What makes this particularly fascinating is that in adult robust capuchins, courtship is predominantly female-led. Adult females are the proactive agents, using elaborate facial expressions and even throwing stones to get the attention of often-indifferent males. If the classic “practice hypothesis” were true, which assumes infants perform early forms of these behaviors to rehearse their future adult roles, we would expect infant females to be the ones practicing the most.

However, our data revealed the exact opposite. There were large differences in the directionality of sexual behaviors. Infant males engaged in these interactions far more often, while females were usually the receivers of such behaviors. This points to a male-specific developmental pathway of arousal that clearly doesn’t just mirror adult courtship roles.

Different Partners, Different Goals

We also found a clear divide in who the infants chose to interact with. Infant males acted as sexual “extroverts,” engaging with a wide range of partners. Most notably, their most frequent partners were adult males, making same-sex interactions very common among them. Infant females, on the other hand, had much narrower preferences, mostly interacting sexually with other infants of both sexes. This divergence suggests something important: early sexual behavior likely serves completely different functions depending on the sex.

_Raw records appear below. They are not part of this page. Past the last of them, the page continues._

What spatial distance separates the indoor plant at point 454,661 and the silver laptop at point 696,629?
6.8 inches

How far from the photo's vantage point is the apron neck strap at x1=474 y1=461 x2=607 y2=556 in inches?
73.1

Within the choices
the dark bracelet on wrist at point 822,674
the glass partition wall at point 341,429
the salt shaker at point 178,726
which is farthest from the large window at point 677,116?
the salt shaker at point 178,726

For males, these interactions might help establish social bonds, navigate dominance hierarchies with older males, or regulate arousal in complex social settings. For females, these behaviors, at this stage, seem more embedded in general peer play and social exploration. We need to further understand when sexual “awakening” occurs in female robust capuchins.

Why This Matters

Our research highlights that primate sexuality is flexible and multifaceted right from birth. Because sex differences emerge so early and don’t simply mirror adult roles, these findings open up new questions about the true origins of sexual behavior in all primates, humans included. If we want to understand the “why” of adult behavior, we first need to look closely at the “how” in the infant’s world.

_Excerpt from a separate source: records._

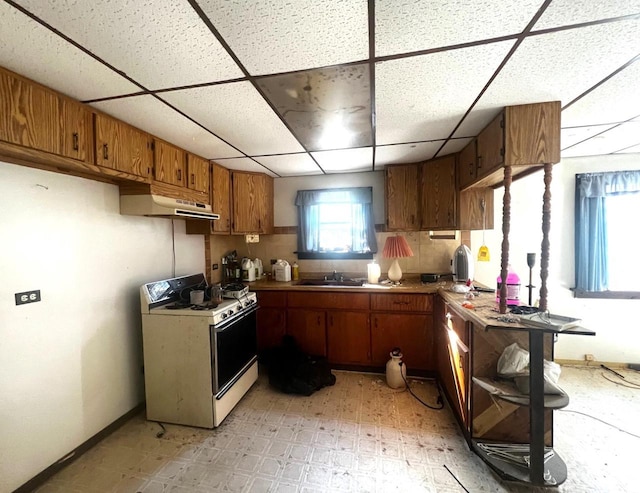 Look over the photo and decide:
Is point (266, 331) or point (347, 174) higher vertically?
point (347, 174)

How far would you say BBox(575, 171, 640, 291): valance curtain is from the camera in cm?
267

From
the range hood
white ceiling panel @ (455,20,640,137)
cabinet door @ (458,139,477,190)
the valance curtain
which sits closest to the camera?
white ceiling panel @ (455,20,640,137)

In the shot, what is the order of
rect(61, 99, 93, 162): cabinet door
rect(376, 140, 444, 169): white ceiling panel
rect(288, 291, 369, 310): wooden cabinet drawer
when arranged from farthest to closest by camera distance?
rect(288, 291, 369, 310): wooden cabinet drawer
rect(376, 140, 444, 169): white ceiling panel
rect(61, 99, 93, 162): cabinet door

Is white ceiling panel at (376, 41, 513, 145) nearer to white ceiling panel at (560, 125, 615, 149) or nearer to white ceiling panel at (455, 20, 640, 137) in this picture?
white ceiling panel at (455, 20, 640, 137)

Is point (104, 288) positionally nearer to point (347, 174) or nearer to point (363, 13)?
point (363, 13)

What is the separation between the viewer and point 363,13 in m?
0.95

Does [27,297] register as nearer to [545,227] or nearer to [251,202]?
[251,202]

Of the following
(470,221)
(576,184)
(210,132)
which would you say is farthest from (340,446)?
(576,184)

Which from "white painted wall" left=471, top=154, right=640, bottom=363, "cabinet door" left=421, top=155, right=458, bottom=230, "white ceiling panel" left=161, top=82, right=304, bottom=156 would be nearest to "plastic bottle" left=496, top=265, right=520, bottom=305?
"cabinet door" left=421, top=155, right=458, bottom=230

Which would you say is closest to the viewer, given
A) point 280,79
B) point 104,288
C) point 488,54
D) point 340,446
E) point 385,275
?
point 488,54

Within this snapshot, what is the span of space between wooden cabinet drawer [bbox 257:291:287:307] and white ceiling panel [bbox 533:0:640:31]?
2.81 meters

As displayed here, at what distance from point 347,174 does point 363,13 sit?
2486 mm

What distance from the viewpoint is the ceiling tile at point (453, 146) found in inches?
89.8

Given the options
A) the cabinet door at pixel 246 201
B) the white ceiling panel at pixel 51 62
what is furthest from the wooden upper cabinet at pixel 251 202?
the white ceiling panel at pixel 51 62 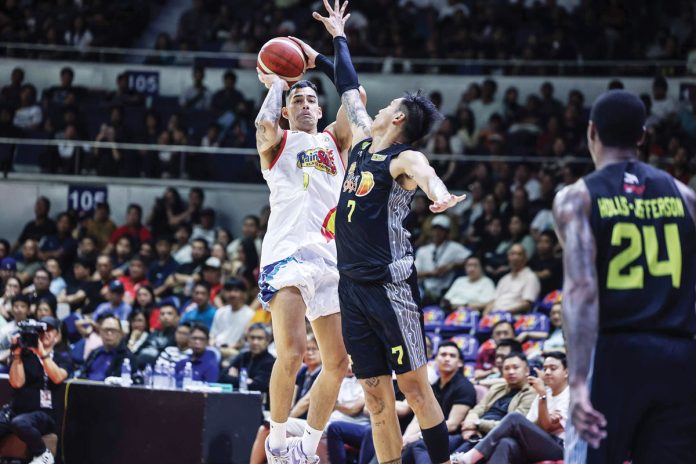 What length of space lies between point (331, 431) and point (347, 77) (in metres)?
3.88

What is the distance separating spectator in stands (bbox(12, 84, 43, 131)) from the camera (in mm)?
19109

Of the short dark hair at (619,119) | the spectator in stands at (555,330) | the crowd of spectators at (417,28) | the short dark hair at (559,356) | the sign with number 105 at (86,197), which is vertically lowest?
the short dark hair at (559,356)

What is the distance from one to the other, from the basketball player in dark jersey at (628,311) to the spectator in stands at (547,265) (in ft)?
31.0

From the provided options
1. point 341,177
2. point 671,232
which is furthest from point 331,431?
point 671,232

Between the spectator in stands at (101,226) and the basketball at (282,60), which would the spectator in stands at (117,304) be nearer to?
the spectator in stands at (101,226)

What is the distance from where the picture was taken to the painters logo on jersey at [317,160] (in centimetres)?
738

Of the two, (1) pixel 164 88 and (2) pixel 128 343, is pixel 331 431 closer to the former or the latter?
(2) pixel 128 343

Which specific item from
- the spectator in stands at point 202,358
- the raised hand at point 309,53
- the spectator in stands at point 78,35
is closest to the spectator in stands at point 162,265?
the spectator in stands at point 202,358

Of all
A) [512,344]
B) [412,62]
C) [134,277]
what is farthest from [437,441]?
[412,62]

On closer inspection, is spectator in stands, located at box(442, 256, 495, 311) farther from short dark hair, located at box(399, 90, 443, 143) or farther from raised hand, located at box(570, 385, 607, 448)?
raised hand, located at box(570, 385, 607, 448)

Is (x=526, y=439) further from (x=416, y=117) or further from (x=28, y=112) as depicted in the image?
(x=28, y=112)

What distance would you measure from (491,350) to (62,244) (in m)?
8.11

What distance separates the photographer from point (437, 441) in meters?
6.34

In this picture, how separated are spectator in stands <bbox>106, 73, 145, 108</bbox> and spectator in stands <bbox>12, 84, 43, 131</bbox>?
1.30m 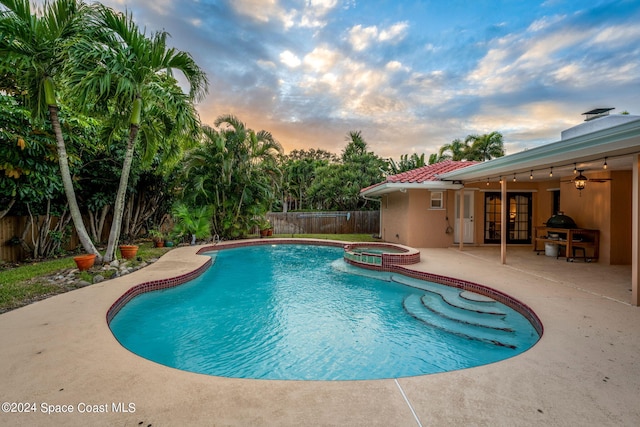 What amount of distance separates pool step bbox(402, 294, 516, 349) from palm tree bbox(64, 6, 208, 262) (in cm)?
699

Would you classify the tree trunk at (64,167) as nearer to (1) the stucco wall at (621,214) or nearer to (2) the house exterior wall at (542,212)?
(2) the house exterior wall at (542,212)

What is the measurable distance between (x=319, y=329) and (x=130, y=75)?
23.3 ft

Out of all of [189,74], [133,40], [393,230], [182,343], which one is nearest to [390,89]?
[393,230]

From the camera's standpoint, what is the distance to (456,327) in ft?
16.1

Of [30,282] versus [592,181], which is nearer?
[30,282]

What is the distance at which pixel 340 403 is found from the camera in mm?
2414

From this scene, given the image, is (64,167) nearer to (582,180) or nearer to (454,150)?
(582,180)

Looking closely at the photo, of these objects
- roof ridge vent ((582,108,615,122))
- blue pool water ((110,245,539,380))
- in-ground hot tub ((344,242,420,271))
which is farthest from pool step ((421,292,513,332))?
roof ridge vent ((582,108,615,122))

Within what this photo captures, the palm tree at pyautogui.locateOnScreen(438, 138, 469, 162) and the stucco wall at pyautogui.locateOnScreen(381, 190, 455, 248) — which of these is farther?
the palm tree at pyautogui.locateOnScreen(438, 138, 469, 162)

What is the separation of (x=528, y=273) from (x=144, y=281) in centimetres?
942

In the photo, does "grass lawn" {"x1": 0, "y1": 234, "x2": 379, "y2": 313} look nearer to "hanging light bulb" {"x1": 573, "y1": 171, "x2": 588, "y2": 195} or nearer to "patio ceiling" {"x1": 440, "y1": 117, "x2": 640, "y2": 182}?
"patio ceiling" {"x1": 440, "y1": 117, "x2": 640, "y2": 182}

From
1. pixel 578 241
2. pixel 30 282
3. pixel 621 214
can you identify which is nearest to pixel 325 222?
pixel 578 241

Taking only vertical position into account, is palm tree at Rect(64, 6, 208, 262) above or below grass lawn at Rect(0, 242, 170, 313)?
above

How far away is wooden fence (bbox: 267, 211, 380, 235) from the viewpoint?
19.5 meters
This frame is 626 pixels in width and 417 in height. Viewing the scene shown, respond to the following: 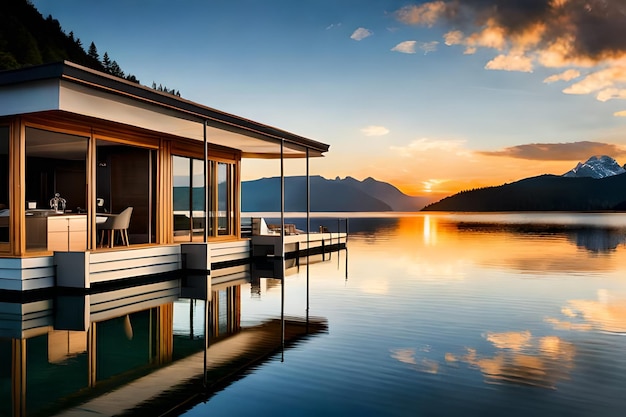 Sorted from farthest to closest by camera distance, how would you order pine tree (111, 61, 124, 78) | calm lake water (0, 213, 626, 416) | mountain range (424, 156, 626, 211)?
mountain range (424, 156, 626, 211) → pine tree (111, 61, 124, 78) → calm lake water (0, 213, 626, 416)

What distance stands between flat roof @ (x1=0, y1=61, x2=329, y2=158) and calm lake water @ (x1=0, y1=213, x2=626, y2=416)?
2.94 meters

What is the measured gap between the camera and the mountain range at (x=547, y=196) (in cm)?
14325

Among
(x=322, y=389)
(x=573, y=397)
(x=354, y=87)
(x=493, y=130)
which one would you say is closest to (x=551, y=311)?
(x=573, y=397)

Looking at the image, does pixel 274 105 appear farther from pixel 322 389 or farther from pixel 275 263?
pixel 322 389

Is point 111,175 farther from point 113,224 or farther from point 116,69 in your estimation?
point 116,69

Just as grooming behavior, which goes far beyond hygiene and removing parasites to act as a social glue, early sexual behavior seems relevant for building and maintaining social bonds, and canalizing arousal, rather than just preparing individuals for reproduction. Our findings also point to a broader issue: studying infant sexuality remains a highly sensitive and often avoided topic, especially in humans. This is where research on non-human primates becomes so valuable, giving us a comparative window to investigate these processes rigorously and without cultural constraints.

Delval, I., García-Hernández, S., Teles, N., Caixeta, J., Cezar, L., Valentova, J. V, Izar, P., & Leca, J-B. 2026. Early sex differences in sociosexual behavior of wild robust capuchin monkeys: Ontogenetic and evolutionary insights. Evolution and Human Behavior, 47 (2), 106834.